*** Begin section ***

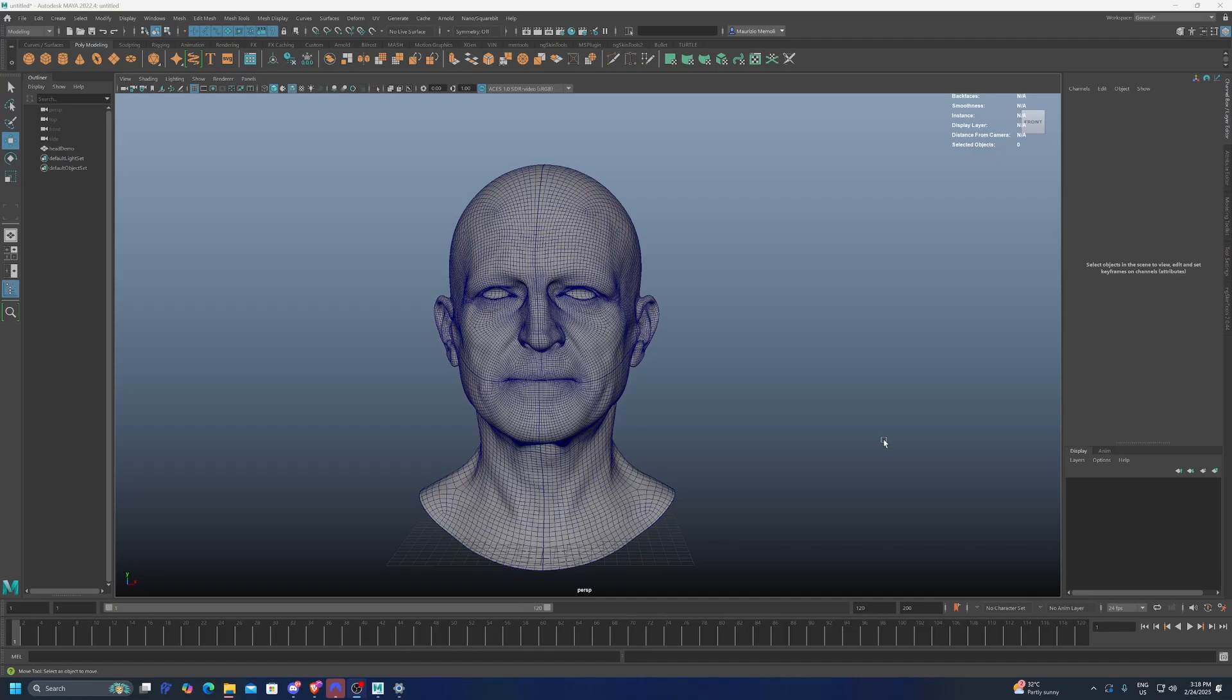Today, we're going to see how to symmetrize a mesh with symmetrical topology in Maya and in Blender.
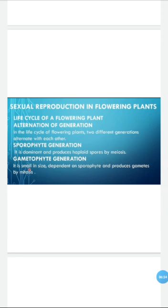In tracheophytes, there are two types of plants mainly discussed in the book: gymnosperms, which are naked seeded plants, and angiosperms, which are flower-producing plants.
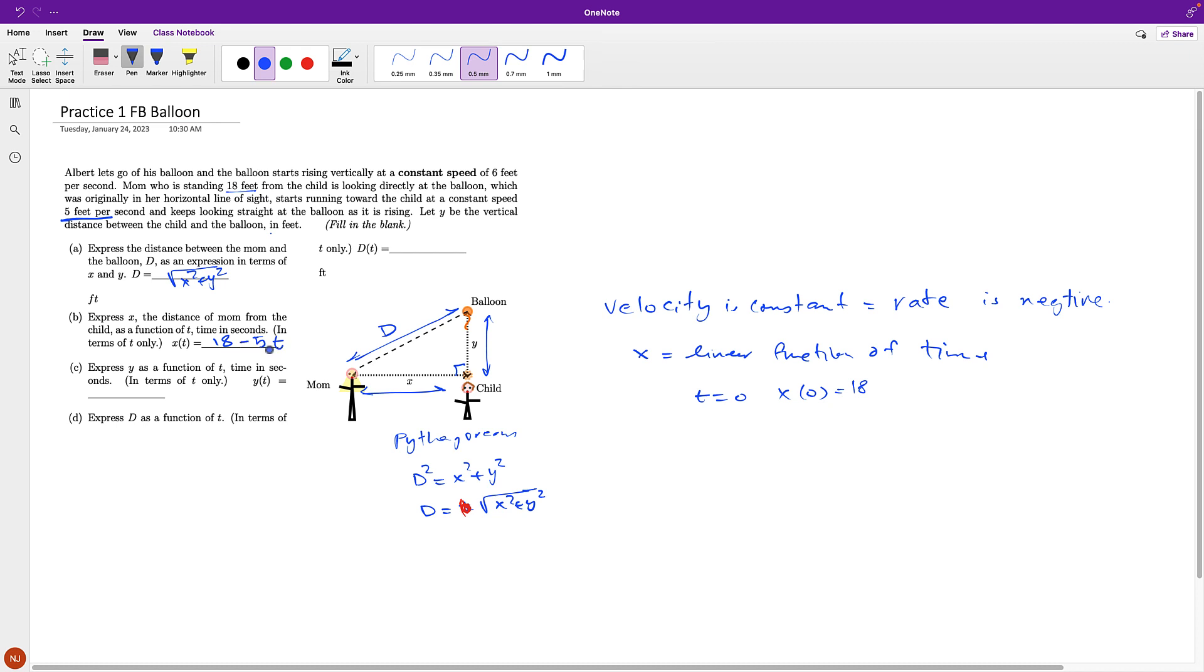Now, the next question is asking, express Y as a function of T. Balloon is just rising, and started from 0 down here, and rising, and the distance is increasing at 6 feet. So that's just 6T.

*** End section ***

*Exercise objective*:
Transcribe the data completely. No pictures should appear in the transcription.

*Solution to this task*:
Today, we're going to see how to symmetrize a mesh with symmetrical topology in Maya and in Blender.
In tracheophytes, there are two types of plants mainly discussed in the book: gymnosperms, which are naked seeded plants, and angiosperms, which are flower-producing plants.
Now, the next question is asking, express Y as a function of T. Balloon is just rising, and started from 0 down here, and rising, and the distance is increasing at 6 feet. So that's just 6T.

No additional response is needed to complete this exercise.